Required work:
Which lines run from the one containing "horario habitual Mercados" to the last line of the entries? Return them exactly, with nothing more.

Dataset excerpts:
========================

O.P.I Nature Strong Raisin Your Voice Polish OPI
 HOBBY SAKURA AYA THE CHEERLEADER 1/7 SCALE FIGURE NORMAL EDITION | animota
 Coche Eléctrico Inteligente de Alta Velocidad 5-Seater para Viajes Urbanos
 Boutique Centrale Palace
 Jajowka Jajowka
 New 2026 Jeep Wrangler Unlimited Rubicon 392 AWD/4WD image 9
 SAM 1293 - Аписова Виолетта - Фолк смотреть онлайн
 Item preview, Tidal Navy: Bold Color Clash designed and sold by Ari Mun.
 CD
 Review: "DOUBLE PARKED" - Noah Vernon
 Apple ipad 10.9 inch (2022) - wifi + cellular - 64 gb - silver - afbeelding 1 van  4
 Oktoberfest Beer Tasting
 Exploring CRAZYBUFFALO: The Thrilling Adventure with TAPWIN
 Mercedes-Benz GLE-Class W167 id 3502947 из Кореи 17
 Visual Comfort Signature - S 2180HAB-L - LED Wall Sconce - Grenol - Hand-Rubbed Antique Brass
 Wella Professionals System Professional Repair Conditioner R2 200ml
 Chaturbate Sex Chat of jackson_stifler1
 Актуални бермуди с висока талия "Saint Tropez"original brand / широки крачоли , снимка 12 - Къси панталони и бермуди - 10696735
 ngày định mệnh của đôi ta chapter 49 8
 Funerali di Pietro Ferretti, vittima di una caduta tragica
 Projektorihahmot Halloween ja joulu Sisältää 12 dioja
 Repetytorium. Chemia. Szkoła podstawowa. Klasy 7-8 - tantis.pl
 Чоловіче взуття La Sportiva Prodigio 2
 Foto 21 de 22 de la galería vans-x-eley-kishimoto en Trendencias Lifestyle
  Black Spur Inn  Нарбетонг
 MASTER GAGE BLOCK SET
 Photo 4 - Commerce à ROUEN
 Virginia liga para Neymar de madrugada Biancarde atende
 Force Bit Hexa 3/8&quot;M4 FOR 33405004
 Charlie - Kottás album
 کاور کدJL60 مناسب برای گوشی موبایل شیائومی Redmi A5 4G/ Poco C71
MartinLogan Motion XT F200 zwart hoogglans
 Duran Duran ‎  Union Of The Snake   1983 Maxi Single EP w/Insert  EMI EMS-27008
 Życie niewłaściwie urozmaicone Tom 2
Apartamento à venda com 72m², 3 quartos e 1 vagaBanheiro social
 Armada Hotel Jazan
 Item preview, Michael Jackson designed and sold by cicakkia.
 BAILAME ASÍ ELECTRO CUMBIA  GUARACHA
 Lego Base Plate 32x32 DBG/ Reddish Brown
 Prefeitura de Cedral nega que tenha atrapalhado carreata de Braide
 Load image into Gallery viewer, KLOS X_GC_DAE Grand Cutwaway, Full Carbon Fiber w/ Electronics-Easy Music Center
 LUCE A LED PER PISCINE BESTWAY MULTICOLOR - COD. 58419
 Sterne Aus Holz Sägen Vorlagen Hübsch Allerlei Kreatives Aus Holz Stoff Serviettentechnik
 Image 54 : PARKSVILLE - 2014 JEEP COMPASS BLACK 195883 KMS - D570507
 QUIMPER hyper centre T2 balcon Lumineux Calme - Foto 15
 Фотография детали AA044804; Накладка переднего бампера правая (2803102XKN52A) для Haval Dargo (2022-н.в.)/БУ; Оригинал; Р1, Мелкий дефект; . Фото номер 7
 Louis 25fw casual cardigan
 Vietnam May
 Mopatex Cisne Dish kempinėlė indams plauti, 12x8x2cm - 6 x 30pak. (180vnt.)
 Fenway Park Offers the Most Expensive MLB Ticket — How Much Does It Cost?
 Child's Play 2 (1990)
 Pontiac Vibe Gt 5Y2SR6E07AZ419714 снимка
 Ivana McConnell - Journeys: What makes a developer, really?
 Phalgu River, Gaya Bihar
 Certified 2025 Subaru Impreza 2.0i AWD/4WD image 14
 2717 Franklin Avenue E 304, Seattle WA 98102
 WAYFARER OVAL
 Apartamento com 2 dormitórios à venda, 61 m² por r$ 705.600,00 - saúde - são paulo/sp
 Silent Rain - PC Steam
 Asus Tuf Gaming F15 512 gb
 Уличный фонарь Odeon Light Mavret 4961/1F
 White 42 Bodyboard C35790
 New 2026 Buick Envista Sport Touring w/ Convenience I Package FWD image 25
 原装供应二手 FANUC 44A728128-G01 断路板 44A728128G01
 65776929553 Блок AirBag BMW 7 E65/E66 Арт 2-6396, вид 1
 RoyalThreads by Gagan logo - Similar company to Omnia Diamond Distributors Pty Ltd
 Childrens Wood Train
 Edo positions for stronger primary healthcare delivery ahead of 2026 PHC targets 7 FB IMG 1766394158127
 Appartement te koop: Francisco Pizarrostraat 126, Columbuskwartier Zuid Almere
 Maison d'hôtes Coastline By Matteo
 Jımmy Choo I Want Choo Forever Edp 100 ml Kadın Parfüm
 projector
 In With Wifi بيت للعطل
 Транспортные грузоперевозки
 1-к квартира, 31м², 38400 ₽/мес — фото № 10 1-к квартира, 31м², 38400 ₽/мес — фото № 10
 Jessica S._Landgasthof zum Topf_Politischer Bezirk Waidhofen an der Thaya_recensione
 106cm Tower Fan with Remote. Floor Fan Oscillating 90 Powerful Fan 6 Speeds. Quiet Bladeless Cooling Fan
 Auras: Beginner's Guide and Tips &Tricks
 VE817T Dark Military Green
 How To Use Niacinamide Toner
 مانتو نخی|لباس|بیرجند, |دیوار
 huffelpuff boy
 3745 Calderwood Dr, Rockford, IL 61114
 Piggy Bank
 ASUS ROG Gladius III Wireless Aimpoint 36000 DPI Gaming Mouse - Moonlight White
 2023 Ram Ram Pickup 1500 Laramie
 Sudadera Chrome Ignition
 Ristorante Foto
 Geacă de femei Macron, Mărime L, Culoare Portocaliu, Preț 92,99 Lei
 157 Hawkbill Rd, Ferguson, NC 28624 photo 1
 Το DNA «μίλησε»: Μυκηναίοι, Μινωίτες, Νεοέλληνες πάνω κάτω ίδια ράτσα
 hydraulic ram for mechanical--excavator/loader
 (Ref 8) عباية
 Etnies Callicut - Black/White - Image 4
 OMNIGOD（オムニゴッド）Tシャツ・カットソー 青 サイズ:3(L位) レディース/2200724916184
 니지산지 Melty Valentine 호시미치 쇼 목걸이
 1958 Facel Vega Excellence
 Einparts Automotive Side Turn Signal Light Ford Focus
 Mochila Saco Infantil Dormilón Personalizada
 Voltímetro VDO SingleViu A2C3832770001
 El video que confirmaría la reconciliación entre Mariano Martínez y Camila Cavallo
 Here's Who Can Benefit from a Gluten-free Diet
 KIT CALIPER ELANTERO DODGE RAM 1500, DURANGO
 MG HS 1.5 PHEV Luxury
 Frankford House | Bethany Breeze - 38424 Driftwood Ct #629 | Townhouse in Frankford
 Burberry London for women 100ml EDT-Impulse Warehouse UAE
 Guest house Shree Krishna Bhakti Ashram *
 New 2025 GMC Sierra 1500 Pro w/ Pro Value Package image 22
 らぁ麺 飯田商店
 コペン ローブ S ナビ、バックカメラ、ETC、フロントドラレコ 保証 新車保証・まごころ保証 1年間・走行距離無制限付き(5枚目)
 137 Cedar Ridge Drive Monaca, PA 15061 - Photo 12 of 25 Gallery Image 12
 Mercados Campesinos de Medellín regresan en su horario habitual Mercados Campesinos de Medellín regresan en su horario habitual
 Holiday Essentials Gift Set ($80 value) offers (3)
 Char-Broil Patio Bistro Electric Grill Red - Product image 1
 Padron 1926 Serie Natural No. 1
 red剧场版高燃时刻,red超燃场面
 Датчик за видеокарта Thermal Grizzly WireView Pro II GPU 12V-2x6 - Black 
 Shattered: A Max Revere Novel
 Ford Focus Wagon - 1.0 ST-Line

========================

Solution to this exercise:
 Mercados Campesinos de Medellín regresan en su horario habitual Mercados Campesinos de Medellín regresan en su horario habitual
 Holiday Essentials Gift Set ($80 value) offers (3)
 Char-Broil Patio Bistro Electric Grill Red - Product image 1
 Padron 1926 Serie Natural No. 1
 red剧场版高燃时刻,red超燃场面
 Датчик за видеокарта Thermal Grizzly WireView Pro II GPU 12V-2x6 - Black 
 Shattered: A Max Revere Novel
 Ford Focus Wagon - 1.0 ST-Line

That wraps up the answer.